- Records -
______

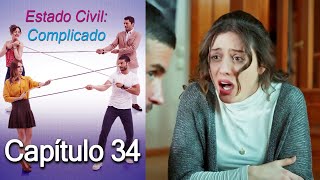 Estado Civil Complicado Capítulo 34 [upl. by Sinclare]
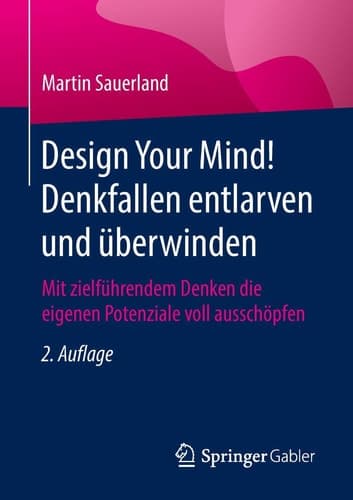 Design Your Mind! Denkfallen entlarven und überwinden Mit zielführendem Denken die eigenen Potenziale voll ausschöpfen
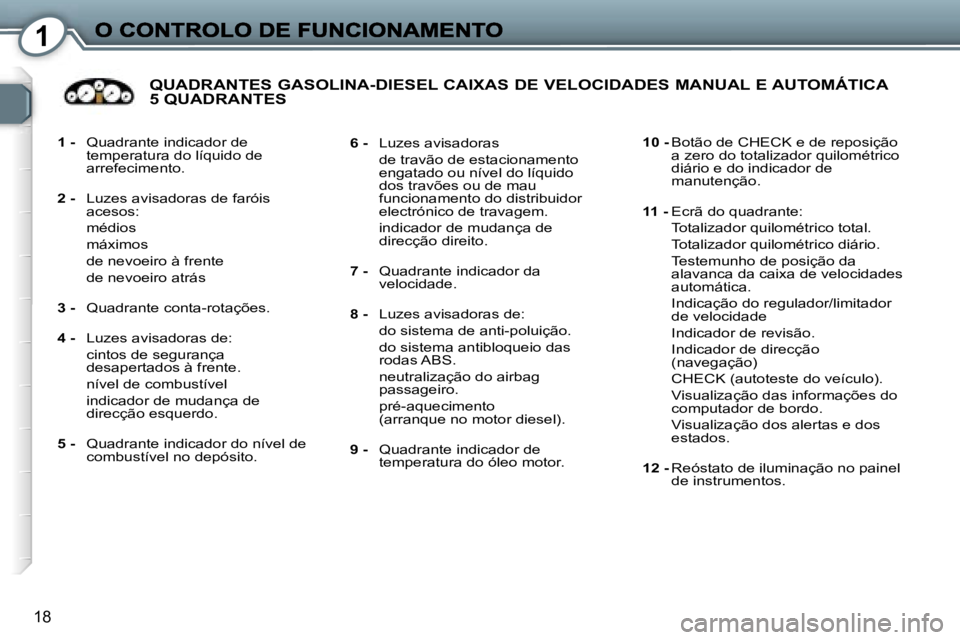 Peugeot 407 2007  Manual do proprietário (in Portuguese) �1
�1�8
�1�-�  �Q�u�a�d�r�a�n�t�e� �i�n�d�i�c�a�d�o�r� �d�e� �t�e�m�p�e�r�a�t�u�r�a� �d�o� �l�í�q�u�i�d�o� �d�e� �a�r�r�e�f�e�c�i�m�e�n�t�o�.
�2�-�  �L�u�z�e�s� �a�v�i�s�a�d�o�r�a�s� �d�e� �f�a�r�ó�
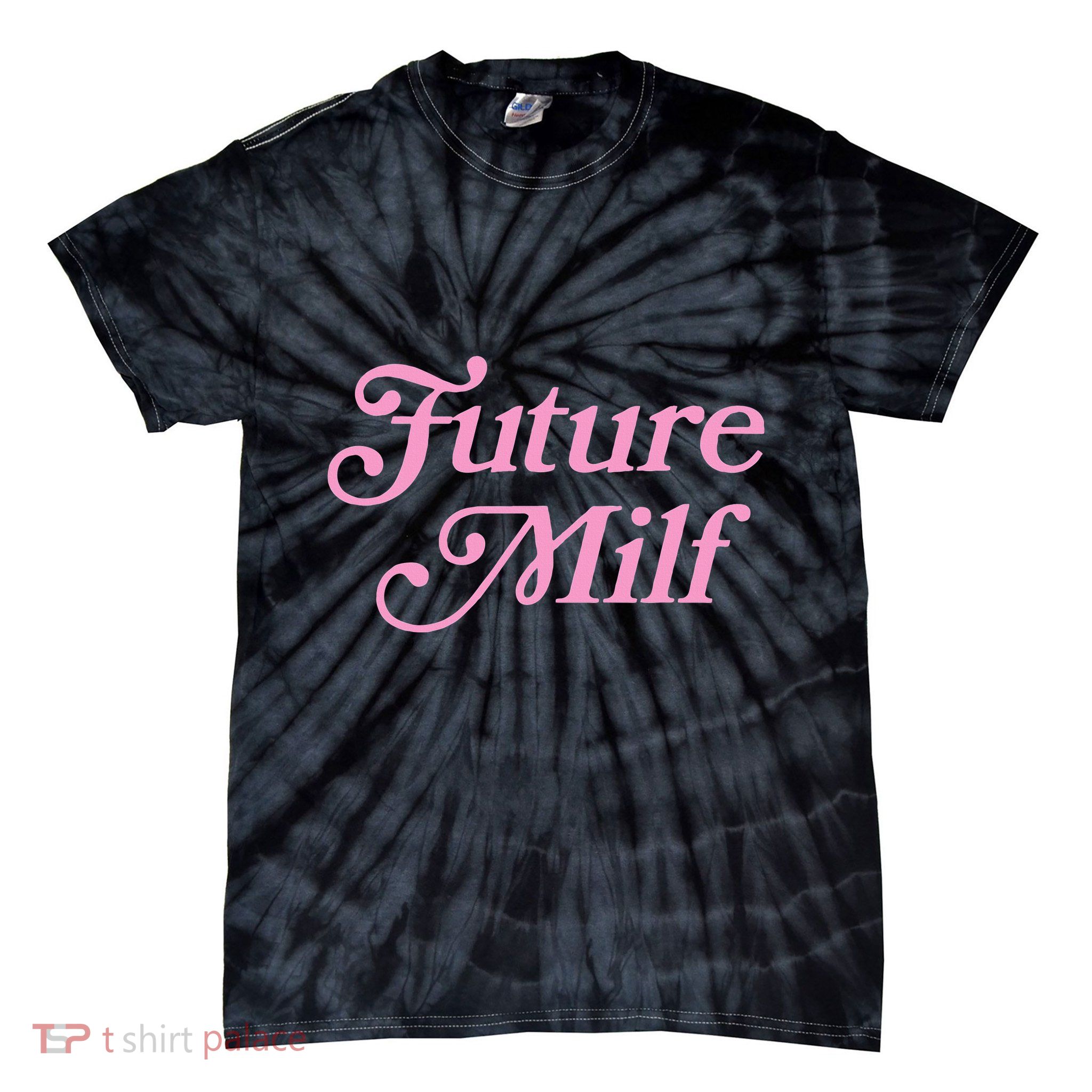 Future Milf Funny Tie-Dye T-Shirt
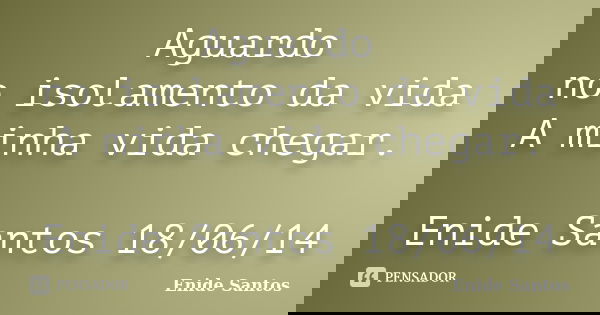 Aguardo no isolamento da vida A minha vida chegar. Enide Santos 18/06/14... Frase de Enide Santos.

______

- The problem -
Stop after the line containing "Future Milf Funny Tie-Dye T-Shirt": copy the records exactly from the first line up to there, leaving pictures out.

- Solution for this exercise -
 Estado Civil Complicado Capítulo 34 [upl. by Sinclare]
 Design Your Mind! Denkfallen entlarven und überwinden Mit zielführendem Denken die eigenen Potenziale voll ausschöpfen
 Peugeot 407 2007  Manual do proprietário (in Portuguese) �1
�1�8
�1�-�  �Q�u�a�d�r�a�n�t�e� �i�n�d�i�c�a�d�o�r� �d�e� �t�e�m�p�e�r�a�t�u�r�a� �d�o� �l�í�q�u�i�d�o� �d�e� �a�r�r�e�f�e�c�i�m�e�n�t�o�.
�2�-�  �L�u�z�e�s� �a�v�i�s�a�d�o�r�a�s� �d�e� �f�a�r�ó�
 Future Milf Funny Tie-Dye T-Shirt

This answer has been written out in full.